Imagine uma mulher culta, capaz de se comunicar com total desenvoltura em pelo menos oito idiomas. Imagine mais: admita que ela seja versada em filosofia, alquimia, matemática etc. Que seja uma extraordinária articuladora política, que trace planos de enfrentamento capazes de deixar desnorteado o maior inimigo. Imaginou? Vá mais um pouco, pense-a dotada de um poder de argumentação desconcertante, comerciante fina, sedutora, irresistível à cama. E líder respeitável, política astuta... Pensou? Mulher dos sonhos? O tipo pós-moderno, com mil maneiras de agradar aos homens? Apenas uma amante exemplar? Não. Estou falando de uma mulher que viveu no Egito de 20 séculos atrás, Cleópatra, a rainha imortalizada por pintores, biografada por escritores de extrações as mais diversas e levada para o cinema com ninguém menos no papel que Elizabeth Taylor, o mito das telas falecido há poucos dias.
É que acaba de chegar às livrarias uma nova biografia da rainha, Cleópatra, da jornalista Arlete Salvador. Um livro leve, de estilo solto e linguagem sedutora, sem rompantes de erudição quase sempre desnecessários no gênero. Li e gostei, recomendo aos leitores, pelo que traz de inovador em relação a muitas das biografias até aqui conhecidas, quase sempre dedicadas a traçar um perfil de mulher vulgar e signo do erotismo mais condenável. Não. A mulher que nos apresenta Salvador é muito mais que uma fêmea com furor uterino e depravada, destruidora de lares e vidas. A Cleópatra que vem à tona nessa biografia fascinante é uma mulher possuidora de qualidades (imensas!) e defeitos, não raro mergulhada em dúvidas, inquietações e desejos, como qualquer mulher dos dias atuais. Um livro bem humorado, lúdico, no sentido de ser capaz de colocar o mundo em stand by até a última página. Um gozo.

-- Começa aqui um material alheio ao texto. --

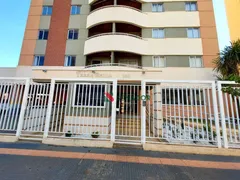 Apartamento com 3 Quartos à venda, 74m² no San Remo, Londrina - Foto 2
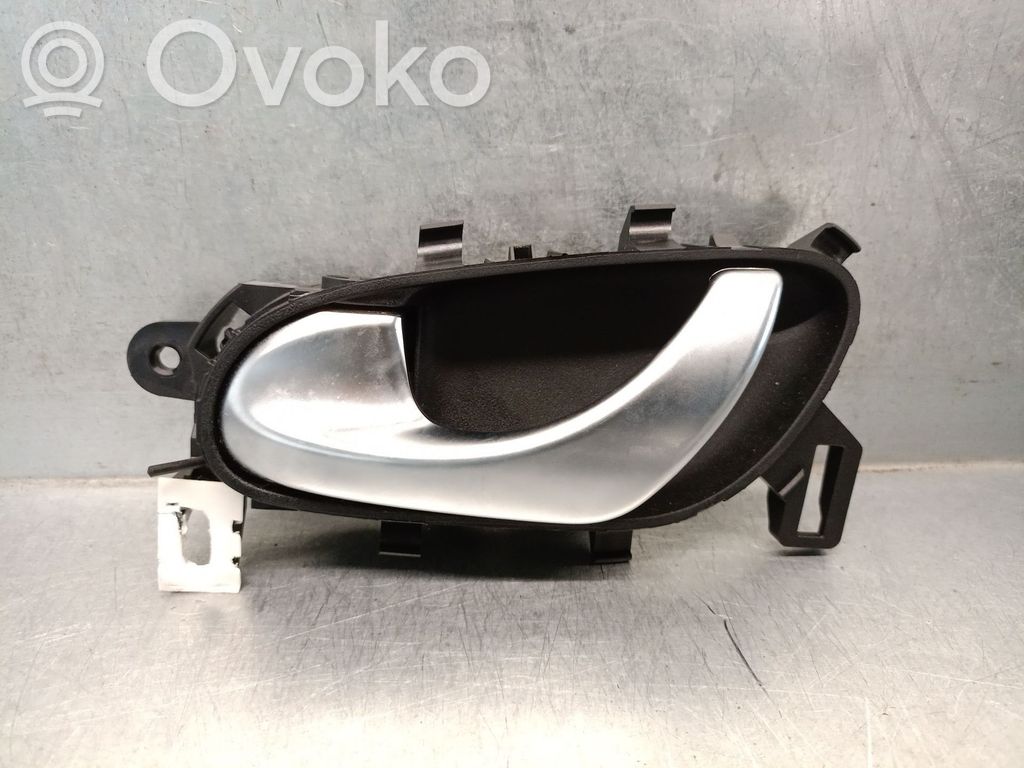 Renault Kadjar Front door interior handle 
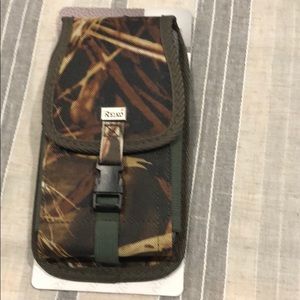 iPhone 8 Plus  Reiko Pouch size XL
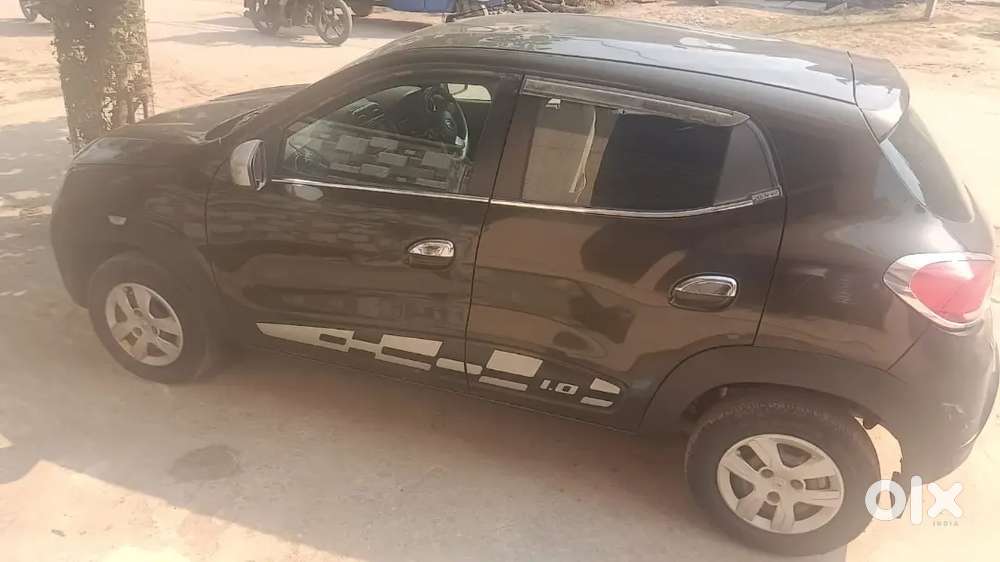 Kwid In Mint Condition 1.0 . New Tyres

Com relação a isso, e tocado pela repercussão da morte de Taylor, revi o filme de Joseph Mankiewicz, que é mesmo um clássico, em que pese ir na contramão do que defende com segurança Arlete Salvador, pelo menos em alguns aspectos da homenageada, a gratuidade do seu erotismo (tome-se o termo gratuidade no sentido negativo) e a beleza distante anos-luz da atriz que a imortalizou no cinema, por exemplo. Cleópatra, segundo a pesquisa levada a efeito por Salvador, é mais, muito mais para feia. Boca murcha, queixo demasiado longo e um nariz acentuadamente adunco. O que a tornava, então, uma mulher poderosa, capaz de levar homens à ruína? Talvez o fato de, numa época em que a submissão feminina era supostamente o atributo indispensável para que uma mulher fosse considerada desejável, ter sido diferente, altiva, rica em conteúdo intelectual, dona do seu nariz. Numa palavra, independente.
Quanto ao filme, é mesmo esteticamente maravilhoso. Um exemplar perfeito, claro, do cinema monumentalista, em que tudo é grandioso, produção, cenários, locações e elenco. Não é muito lembrar, para os esquecidos, que nos papeis principais, além de Taylor, estão Richard Burton e Rex Harrison, impagáveis. Se a película beira o exagero, o barroquismo aparentemente cafona e de mau-gosto, tudo prende-se ao gênero, mais um espetáculo de ação que um filme de ideias. Detalhe curioso: Cleópatra é um divisor de águas na história do cinema. O fracasso de bilheteria deu um basta a essa concepção fílmica, só recentemente retomada com Gladiador, Troia e Robin Hood. Fico com Cleópatra, o filme e a rainha.
O texto, em sua versão anterior, apresentava, por desatenção do autor, um erro de concordância grosseiro, pelo que me desculpo.